◆ Data ◆
□ □ □ □ □
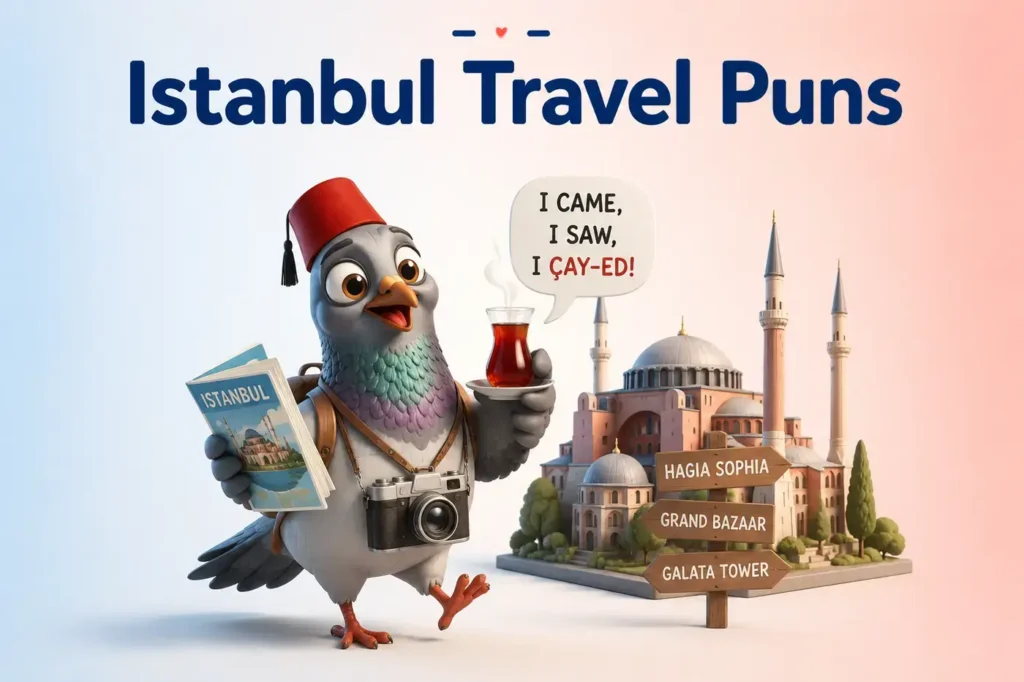 Istanbul Travel Puns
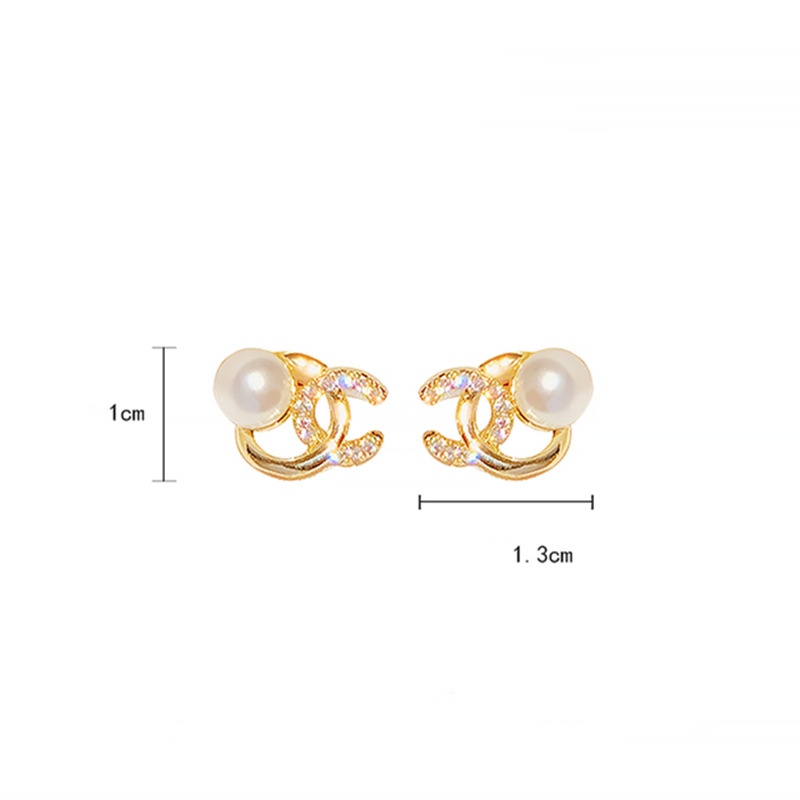 Anting Tusuk Sterling Silver 925 Dengan Mutiara Warna Permen Untuk Wanita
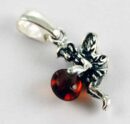 Pendant Amber Fairy Holding Ball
□ □ □ □ □
◆ Task item ◆
The result should be the same data as above, line for line, with the pictures gone.

◆ Finished exercise ◆
 Istanbul Travel Puns
 Anting Tusuk Sterling Silver 925 Dengan Mutiara Warna Permen Untuk Wanita
 Pendant Amber Fairy Holding Ball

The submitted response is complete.